A UCLA study of broadcast hate speech, including a look at L.A.'s controversial John & Ken Show (KFI AM 640) found that two thirds of hateful statements analyzed targeted undocumented immigrants “and Latinos.”

The study (PDF) looked at single segments of John & Ken, the radio version of the Lou Dobbs Show and The Savage Nation on San Diego's 760 KFMB.

The National Hispanic Media Coalition, which has successfully targeted John & Ken advertisers over what it says is anti-immigrant hate, trumpeted the research at a press conference today.

The study by UCLA Chicano Studies Research Center professors Chon Noriega and Francisco Javier Iribarren is titled “Quantifying Hate Speech on Commercial Talk Radio.”

It looks at single segments of the programs from 2008 and tries to identify patterns of hate speech or key words identified in a National Telecommunications and Information Administration report to Congress.
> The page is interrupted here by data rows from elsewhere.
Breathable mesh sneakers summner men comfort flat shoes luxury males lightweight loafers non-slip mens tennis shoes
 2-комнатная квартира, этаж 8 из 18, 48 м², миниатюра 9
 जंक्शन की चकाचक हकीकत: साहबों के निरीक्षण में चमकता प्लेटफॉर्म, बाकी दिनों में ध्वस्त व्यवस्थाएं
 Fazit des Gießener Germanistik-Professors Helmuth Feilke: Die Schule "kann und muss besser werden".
While the conservative, angry white-man-baiting John & Ken often came in third place here in terms of the ferociousness of the speech analyzed, the show doesn't always come off smelling like roses. The report:

Latinos (both citizen and undocumented) represented 91 percent (43 of 47, including those in public office) of the targeted vulnerable groups on The Lou Dobbs Show, 43 percent (15 of 35) on The Savage Nation, and 43 percent (15 of 35) on The John & Ken Show. The figure for The John & Ken Show is actually higher, since 34 percent (12 of 35) of the targeted statements in this broadcast segment focused on the residents of “South L.A.” (South Central Los Angeles), an area that is roughly 55 percent Latino and 41 percent African American.

Credit: UCLA

Credit: UCLA

The report published this excerpt from the John & Ken Show, with John Kobylt said to be at the mike:

You know, you could offer them a veggie panini sandwich, and they're going to look at you like you dropped from Mars. They don't care. You know, what are they eating? There's a lot of chicken joints down there, there's a lot of burger joints, there's a lot of taco joints. I mean, especially – I don't know how much of these areas are now taken over by the Mexicans, but, you know, good luck changing the Mexican diet.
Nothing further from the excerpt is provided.